What am I doing wrong?
<?php
include('database.php');
session_start();
//Fetch the user data
$user = $_POST['user'];
$password = $_POST['pass'];
$_SESSION['user'] = $user;
//Checks for empty values
if(empty($user)||empty($password)){
header("Location: ../views/login.php?error=emptyfields");
exit();
}
//DB query to validate the user/password combination
$validationQuery = "SELECT userName, password FROM users WHERE userName =? AND password =?";
//Prevents SQLInjection by using parameters
$statement = $connection->prepare($validationQuery);
$statement->bind_param("ss",$user,$password);
$executed = $statement->execute();
$stored = $statement->store_result($statement);
$queryRows = $statement->num_rows($statement);
if ($stored) {
header("Location: ../views/home.php");
exit();
} else {
header("Location: ../views/login.php?error=userError");
exit();
}
mysqli_stmt_close($statement);
mysqli_close($connection);
Advertisement
Answer
You are doing really well by using prepared statements.

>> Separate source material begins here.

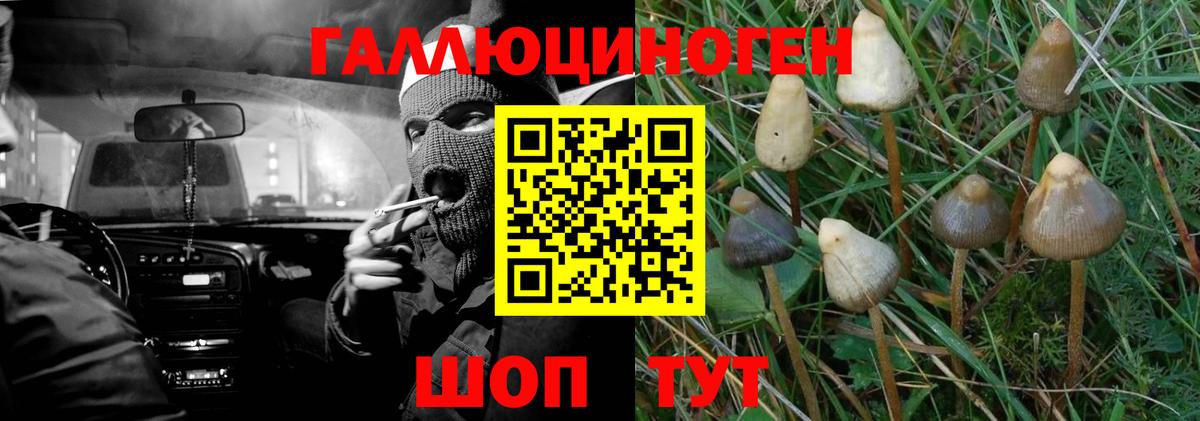 Псилоцибиновые грибы GOLDEN TEACHER Губкин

However, mysqli is a very complicated extension. I highly recommend looking up each function in the documentation carefully before using it.
In your case, your code looks like it makes sense, but when you look closer it’s pure nonsense.
The first 3 lines work fine. It prepares and executes a statement on the MySQL server.
$statement = $connection->prepare($validationQuery);
$statement->bind_param("ss",$user,$password);
$executed = $statement->execute();
mysqli_stmt::store_result() is used to store the data in the internal buffer. It returns true when the data was buffered properly. It doesn’t take any arguments!
$stored = $statement->store_result($statement);
mysqli_stmt::num_rows() returns the number of rows buffered. It doesn’t take any arguments!
$queryRows = $statement->num_rows($statement);
After this code will be executed, $stored will always be true. Even if the result set has 0 rows. This means that the next statement will be executed.
if ($stored) {
header("Location: ../views/home.php");
exit();
}
Here, your script ends. You redirect to another page and exit the current one. The internal buffer is cleared, the statement is cleaned up, and the connection is closed.
The following two lines are no-op code:
mysqli_stmt_close($statement); mysqli_close($connection);
I am not sure what exactly your intentions were, but given that this is a login script, I would say that you want to retrieve the data from the statement, not the number of rows. I would remove store_result() and use get_result() instead.
$statement = $connection->prepare($validationQuery);
$statement->bind_param("ss",$user,$password);
$executed = $statement->execute();
$result = $statement->get_result();
$userRecord = $result->fetch_assoc();
if($userRecord && password_verify($password, $userRecord['hash']) {
$_SESSION['userId'] = $userRecord['id'];
header("Location: ../views/home.php");
exit();
} else {
header("Location: ../views/login.php?error=userError");
exit();
}
// NO MORE CODE SHOULD GO HERE. NO PHP, no HTML, nothing. This is the end of the script!
My example of course uses password hashing like every login script should. You need to adjust your SQL statement to account for that.